Wednesday, January 14, 2009

Do we have a race?

I would say yes, I do have a race.

I think I was given a race, more then choosing to have one. We talked about how Winnie said people are different. Africans are different then African Americans, which i found to be VERY true. I feel like most other races are the ones who are making us feel like we have a race. Now I am not racist by any means, and do not feel that I have to be different towards people. At times though, it is that people make me feel out of place because I am white. I did not choose to be white.

I am not racist though. I love seeing mixed races getting along. I'm not much for controversy, and find joy in people getting along! :)

Thursday, January 8, 2009

Customer Service!

If anyone else has ever worked in Customer Service, I feel for ya.

This summer I took up a position at Bed Bath and Beyond. It was hard work. You are constantly busy, and constantly helping people find things through-out the store. I'd never had a job before and didn't think that Bed Bath and Beyond was going to tire me out.
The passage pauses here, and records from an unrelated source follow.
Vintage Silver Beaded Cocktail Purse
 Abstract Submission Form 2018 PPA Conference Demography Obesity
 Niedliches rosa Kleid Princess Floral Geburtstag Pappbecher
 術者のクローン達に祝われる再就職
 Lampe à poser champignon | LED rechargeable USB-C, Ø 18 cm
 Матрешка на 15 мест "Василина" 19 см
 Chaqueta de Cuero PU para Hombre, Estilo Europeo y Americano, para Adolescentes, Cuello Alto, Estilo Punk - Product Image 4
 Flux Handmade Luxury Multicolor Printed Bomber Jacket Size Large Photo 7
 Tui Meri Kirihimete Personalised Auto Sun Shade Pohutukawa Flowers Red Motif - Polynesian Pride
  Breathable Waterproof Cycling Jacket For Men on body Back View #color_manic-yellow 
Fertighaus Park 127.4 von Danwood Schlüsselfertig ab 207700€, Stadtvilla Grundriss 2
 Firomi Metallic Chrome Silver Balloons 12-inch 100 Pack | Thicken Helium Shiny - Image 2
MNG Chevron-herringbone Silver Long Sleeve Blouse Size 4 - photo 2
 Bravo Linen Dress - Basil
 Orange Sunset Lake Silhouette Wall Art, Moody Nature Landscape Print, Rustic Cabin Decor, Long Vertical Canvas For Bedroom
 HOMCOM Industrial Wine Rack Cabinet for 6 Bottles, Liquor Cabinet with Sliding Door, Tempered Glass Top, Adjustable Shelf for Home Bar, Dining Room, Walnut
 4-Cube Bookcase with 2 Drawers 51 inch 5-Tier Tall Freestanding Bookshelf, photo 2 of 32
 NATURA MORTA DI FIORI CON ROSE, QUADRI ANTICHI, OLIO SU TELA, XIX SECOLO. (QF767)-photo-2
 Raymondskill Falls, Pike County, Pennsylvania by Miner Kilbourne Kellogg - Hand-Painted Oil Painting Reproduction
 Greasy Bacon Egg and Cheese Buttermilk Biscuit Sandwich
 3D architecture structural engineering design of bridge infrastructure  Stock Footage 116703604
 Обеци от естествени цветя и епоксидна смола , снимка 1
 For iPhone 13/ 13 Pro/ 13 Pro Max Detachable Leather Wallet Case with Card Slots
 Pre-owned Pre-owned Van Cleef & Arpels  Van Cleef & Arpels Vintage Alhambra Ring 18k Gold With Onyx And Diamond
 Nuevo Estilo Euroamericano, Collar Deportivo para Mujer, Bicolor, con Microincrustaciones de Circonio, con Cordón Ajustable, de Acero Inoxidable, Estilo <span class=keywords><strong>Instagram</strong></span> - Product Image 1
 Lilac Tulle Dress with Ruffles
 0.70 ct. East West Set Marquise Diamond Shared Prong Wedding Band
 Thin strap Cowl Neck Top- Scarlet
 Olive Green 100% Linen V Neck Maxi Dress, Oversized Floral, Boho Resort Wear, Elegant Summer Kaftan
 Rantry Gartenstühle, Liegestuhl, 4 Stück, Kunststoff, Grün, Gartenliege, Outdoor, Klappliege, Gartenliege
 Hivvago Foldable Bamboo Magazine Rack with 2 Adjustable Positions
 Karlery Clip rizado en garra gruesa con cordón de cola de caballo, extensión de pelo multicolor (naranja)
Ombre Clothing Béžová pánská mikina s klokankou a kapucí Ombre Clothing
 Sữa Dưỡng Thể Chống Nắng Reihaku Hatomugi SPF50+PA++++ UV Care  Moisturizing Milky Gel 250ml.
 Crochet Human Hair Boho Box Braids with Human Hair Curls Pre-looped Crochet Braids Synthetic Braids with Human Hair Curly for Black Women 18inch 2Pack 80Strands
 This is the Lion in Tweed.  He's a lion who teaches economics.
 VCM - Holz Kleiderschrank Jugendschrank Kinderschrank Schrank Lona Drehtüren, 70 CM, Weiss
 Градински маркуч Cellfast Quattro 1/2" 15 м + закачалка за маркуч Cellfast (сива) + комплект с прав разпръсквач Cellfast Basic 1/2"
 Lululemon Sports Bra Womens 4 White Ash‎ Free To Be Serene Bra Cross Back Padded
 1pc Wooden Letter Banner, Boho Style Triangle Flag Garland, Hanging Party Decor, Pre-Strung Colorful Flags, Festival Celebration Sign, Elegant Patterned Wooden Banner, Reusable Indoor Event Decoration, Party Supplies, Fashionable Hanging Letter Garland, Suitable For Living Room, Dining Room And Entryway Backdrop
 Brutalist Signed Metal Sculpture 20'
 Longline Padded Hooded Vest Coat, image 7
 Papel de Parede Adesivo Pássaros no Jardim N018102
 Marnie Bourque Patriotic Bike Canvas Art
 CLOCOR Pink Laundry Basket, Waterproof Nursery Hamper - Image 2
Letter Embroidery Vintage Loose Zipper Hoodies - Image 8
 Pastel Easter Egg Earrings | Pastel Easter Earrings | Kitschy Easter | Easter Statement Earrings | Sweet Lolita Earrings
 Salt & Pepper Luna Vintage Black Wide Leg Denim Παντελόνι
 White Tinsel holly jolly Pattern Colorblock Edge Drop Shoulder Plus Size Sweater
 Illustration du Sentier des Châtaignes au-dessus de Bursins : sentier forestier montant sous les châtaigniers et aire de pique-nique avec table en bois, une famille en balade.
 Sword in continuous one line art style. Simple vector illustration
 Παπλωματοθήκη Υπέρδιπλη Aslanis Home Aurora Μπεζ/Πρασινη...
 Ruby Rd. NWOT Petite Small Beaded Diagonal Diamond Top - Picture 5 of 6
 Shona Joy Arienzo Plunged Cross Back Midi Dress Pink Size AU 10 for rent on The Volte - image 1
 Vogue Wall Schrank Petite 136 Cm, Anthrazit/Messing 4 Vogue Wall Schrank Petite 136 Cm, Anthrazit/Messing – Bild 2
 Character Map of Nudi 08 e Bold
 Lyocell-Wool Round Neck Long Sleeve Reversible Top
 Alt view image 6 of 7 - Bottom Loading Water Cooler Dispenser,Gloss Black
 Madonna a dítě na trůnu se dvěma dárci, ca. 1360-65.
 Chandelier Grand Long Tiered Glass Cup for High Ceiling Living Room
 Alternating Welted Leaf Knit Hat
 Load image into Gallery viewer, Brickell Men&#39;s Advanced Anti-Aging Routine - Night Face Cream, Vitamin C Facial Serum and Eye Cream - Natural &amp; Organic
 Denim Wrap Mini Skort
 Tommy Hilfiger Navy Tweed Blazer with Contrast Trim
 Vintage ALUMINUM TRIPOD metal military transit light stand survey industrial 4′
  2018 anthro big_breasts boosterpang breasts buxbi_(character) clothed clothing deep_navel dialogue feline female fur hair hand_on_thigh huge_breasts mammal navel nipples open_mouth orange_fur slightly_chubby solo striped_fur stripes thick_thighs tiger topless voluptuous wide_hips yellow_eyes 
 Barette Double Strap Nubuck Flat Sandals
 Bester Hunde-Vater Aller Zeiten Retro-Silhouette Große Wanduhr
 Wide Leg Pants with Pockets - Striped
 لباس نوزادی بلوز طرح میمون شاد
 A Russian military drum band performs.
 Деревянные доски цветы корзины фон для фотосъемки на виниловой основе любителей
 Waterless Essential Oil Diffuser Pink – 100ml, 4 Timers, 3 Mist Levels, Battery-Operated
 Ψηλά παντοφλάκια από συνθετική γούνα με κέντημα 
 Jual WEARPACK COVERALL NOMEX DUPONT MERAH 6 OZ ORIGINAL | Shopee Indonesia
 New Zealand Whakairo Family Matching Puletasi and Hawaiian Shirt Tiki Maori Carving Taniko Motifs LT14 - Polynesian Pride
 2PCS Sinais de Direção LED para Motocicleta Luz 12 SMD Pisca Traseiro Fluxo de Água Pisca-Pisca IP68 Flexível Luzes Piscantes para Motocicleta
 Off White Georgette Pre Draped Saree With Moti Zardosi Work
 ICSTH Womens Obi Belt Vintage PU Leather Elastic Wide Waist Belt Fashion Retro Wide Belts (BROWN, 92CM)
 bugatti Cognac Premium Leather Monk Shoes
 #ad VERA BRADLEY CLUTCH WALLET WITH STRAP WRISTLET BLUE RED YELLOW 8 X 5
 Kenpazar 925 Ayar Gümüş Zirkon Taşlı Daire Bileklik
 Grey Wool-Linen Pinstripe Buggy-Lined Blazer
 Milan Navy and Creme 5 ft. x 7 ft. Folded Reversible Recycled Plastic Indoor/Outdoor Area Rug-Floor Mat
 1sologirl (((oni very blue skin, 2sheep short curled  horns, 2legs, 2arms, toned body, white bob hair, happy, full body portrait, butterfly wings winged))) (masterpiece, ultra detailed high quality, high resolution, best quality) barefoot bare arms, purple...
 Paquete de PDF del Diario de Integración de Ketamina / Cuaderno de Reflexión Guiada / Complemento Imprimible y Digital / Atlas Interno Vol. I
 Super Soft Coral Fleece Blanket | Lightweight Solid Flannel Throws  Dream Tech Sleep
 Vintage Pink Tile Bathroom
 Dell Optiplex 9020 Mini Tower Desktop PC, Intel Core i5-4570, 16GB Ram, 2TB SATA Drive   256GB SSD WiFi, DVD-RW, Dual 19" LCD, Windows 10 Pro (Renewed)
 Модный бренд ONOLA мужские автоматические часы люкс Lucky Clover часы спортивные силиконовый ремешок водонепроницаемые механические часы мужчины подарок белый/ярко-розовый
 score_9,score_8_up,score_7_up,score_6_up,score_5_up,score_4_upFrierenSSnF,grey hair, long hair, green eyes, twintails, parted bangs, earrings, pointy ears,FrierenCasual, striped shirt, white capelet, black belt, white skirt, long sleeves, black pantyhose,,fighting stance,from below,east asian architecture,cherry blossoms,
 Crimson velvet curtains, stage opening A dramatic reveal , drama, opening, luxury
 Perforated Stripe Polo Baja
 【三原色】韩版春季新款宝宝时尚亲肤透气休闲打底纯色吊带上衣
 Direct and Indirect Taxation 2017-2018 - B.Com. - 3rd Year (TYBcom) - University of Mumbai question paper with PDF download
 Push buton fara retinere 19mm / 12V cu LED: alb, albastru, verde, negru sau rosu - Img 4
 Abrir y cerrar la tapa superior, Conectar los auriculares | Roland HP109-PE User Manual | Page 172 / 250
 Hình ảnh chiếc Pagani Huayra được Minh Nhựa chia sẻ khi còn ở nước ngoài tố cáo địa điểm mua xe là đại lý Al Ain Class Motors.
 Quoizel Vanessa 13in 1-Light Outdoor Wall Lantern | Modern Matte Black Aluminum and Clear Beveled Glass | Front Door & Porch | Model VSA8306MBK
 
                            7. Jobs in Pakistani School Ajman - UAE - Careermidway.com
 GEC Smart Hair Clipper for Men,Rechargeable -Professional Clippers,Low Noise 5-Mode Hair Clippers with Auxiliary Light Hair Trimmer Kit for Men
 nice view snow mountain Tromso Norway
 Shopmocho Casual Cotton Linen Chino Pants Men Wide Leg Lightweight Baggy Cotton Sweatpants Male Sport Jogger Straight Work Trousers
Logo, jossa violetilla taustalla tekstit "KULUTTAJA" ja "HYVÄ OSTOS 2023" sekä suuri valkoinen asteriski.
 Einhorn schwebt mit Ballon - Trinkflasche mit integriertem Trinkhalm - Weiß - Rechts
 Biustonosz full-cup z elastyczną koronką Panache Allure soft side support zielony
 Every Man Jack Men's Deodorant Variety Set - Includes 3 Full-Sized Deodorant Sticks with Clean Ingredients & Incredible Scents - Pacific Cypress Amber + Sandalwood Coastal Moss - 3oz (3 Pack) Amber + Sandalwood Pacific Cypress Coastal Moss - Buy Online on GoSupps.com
I'm a pretty active person, but the first day I was on my feet for 7 hours straight. No breaks.

I never realized how stupid some of the questions we ask people are. I mean seriously. There were customers who'd come in EVERY day. They'd ask the same questions. I mean they lived in this store. They were there more then i was.

There was one lady, who would spend twenty dollars, on four different things. She'd bring in twenty percent coupons just to get one dollars back. When she would walk in, we'd play the nose game, to decide who would have to help her this time. The funny part was that we had really old computers, and to give them money back using a coupon, you'd have to type the scew in three times. These numbers were probably 25 numbers long.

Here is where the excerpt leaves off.